A second tower at the Ritz-Carlton is nearly sold out, she added, with a surprising number of buyers coming from the local area. “We thought that a large part of the buyers were going to be foreign buyers and what we got were a lot of local buyers that were scaling back and selling there larger homes in the Gables or in Coconut Grove. The core of the building is filled up with families.”

On Brickell Avenue, marketing is focusing heavily on businesspeople who travel frequently to Miami. Along with the Four Seasons, the new Espirito Santo Bank office building will devote several floors to condo-hotel units. The hotel will be managed under the Hilton Conrad luxury hotel brand.

Broker and real estate consultant Greene said he thought more condo-hotel projects would be in the pipeline already if project financing had not been so expensive to obtain. At present, many banks are asking developers to put down 30 percent or more of their money.

“We are going to see more of these,” Greene said. What could slow the pace?
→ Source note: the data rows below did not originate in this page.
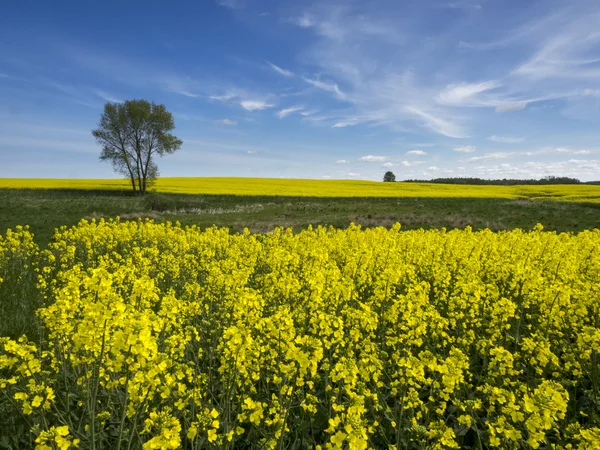 Yellow oilseed rape field — Stock Photo, Image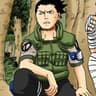 Shikamaru Nara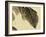 Katydid on Banana Leaf-Bairei Kono-Framed Giclee Print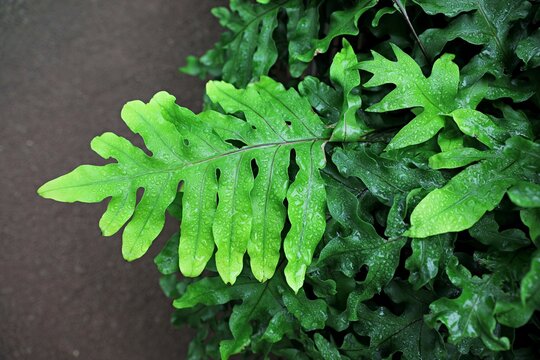 Feuilles de foug&egrave;re Polypodium vulgare 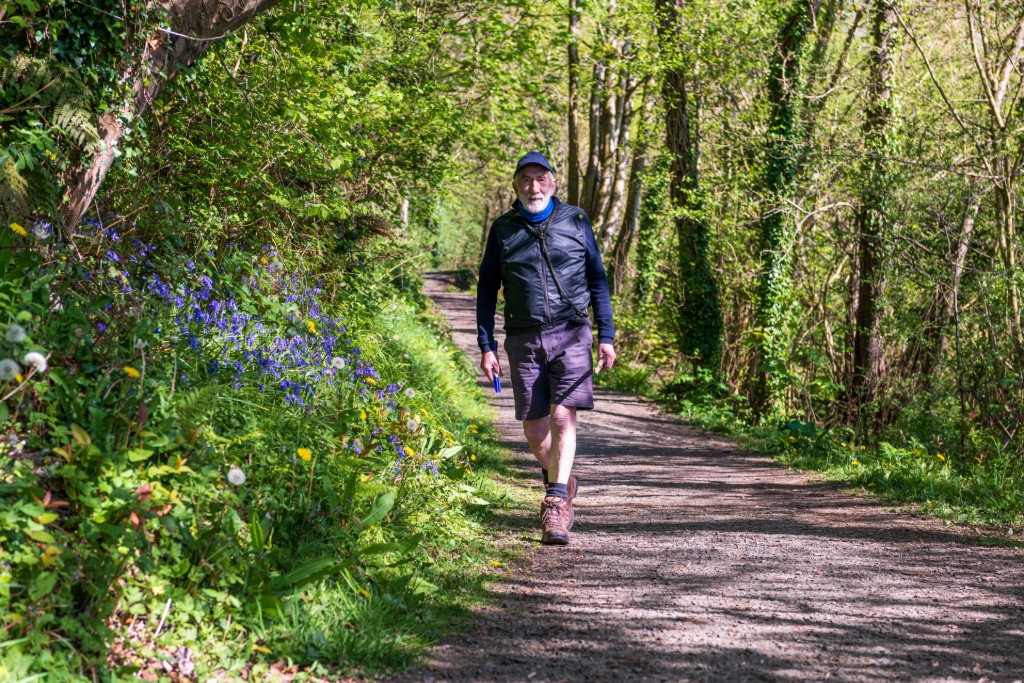 Mountsandel Wood, Derry~Londonderry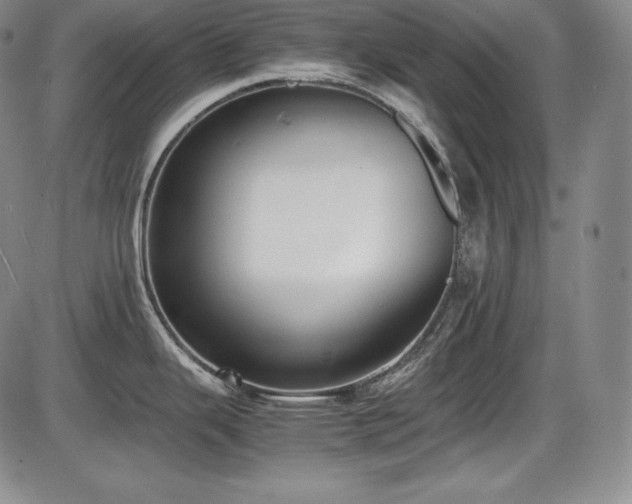 X0000086241343200703291345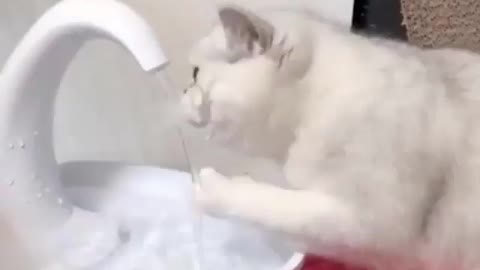 Funny Cat playing with water-try not to laugh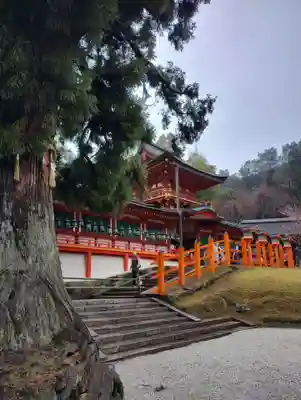 春日大社(奈良県)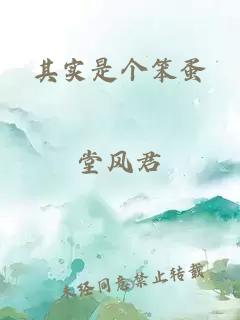 其实是个笨蛋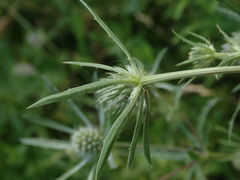 Eryngium planum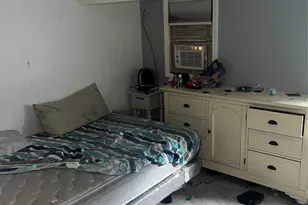 555 Hemlock St, Brooklyn, NY 11208 - Photo 7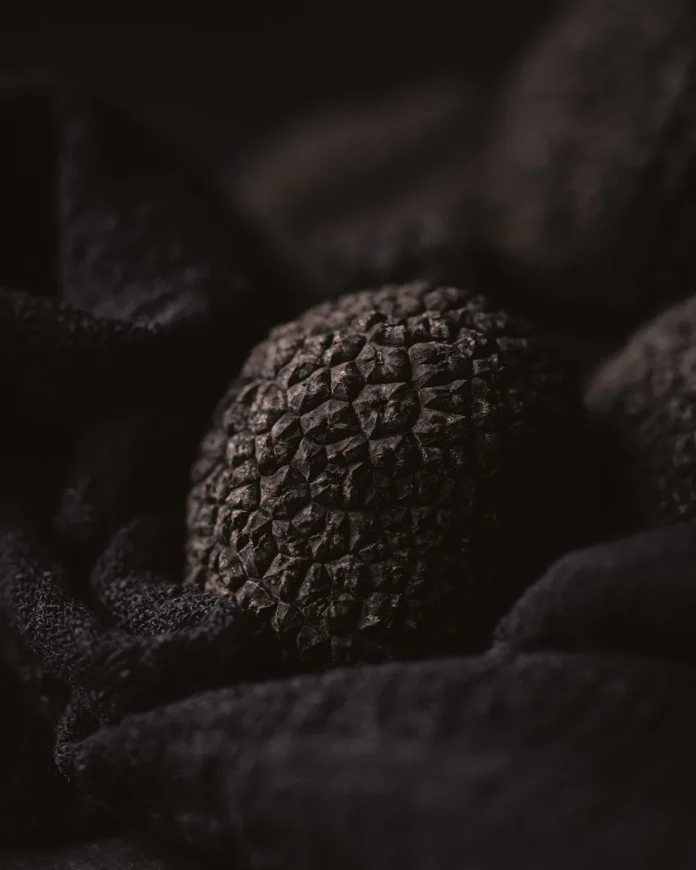 Trufas Araucanía consolida su expansión internacional con innovadores productos gourmet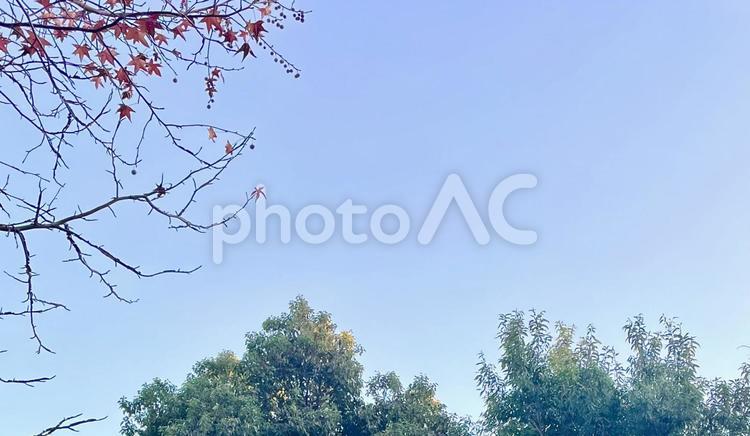 冬の晴天と木々 冬,空,紅葉の写真素材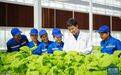 对口援疆助力戈壁兴建智慧农业植物工厂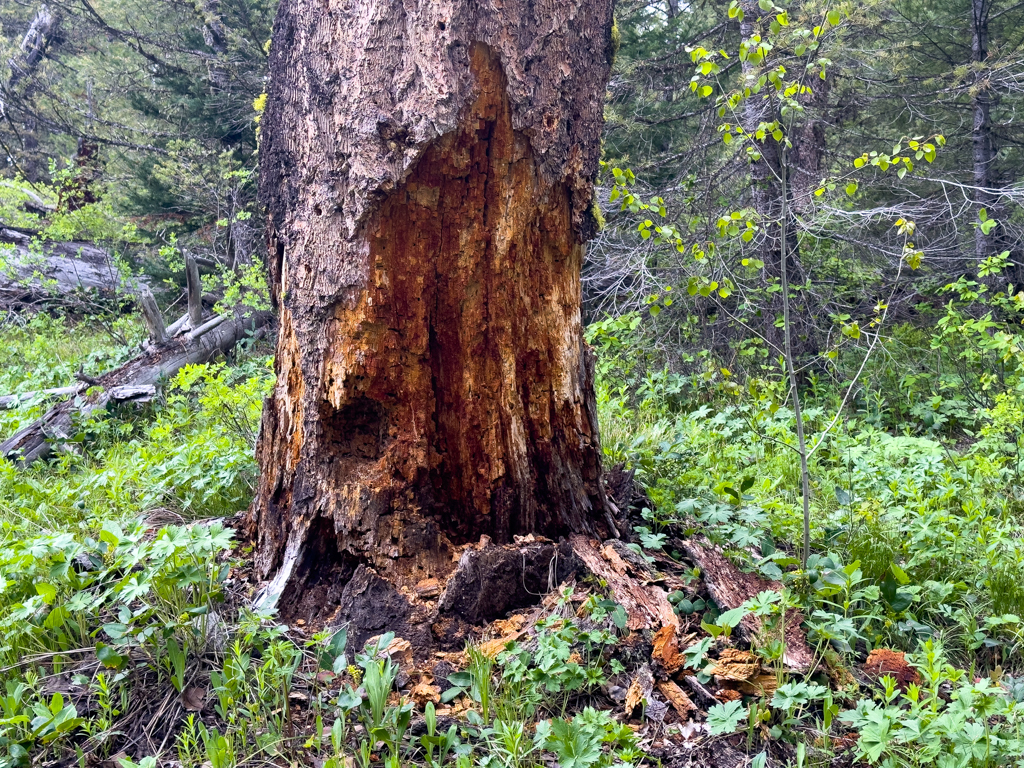 Alter, abgestorbener Baum: Biotop für viele Organismen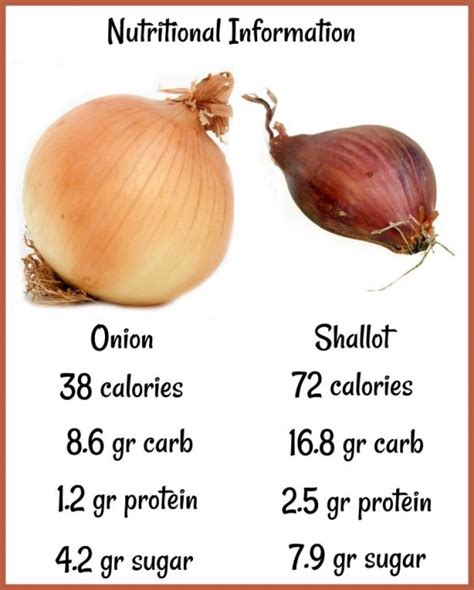 Shallots Carbs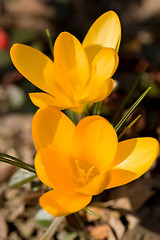 Image showing first spring flowers in garden crocus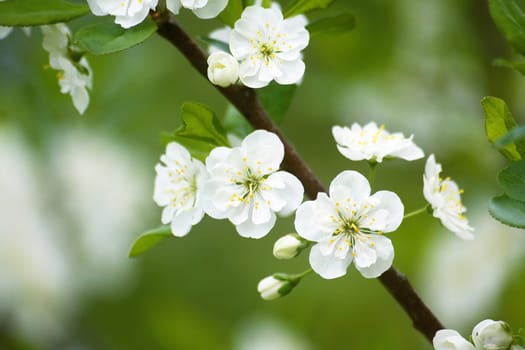 new white plum blossom in late spring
The same things that affect the components of condo-hotels could.

“If the economy goes down or if gasoline prices go up, or if you get a Sept. 11 and people get concerns about traveling, then you are going to be negatively impacted – all these things affect the market,” he said, adding that these factors keep developers from guaranteeing buyers any particular return on their real estate investment.

For now, industry insiders concur that the spate of new building will continue unabated. Still, Flagler Holding Group’s Dunin warns of another danger: “If you have excess hotel rooms you would have a problem. Condo-hotels go hand-in-hand with hotels and you may not overbuild condo-hotels, but you can certainly overbuild hotels. You cannot look at these projects individually, they are all interconnected.”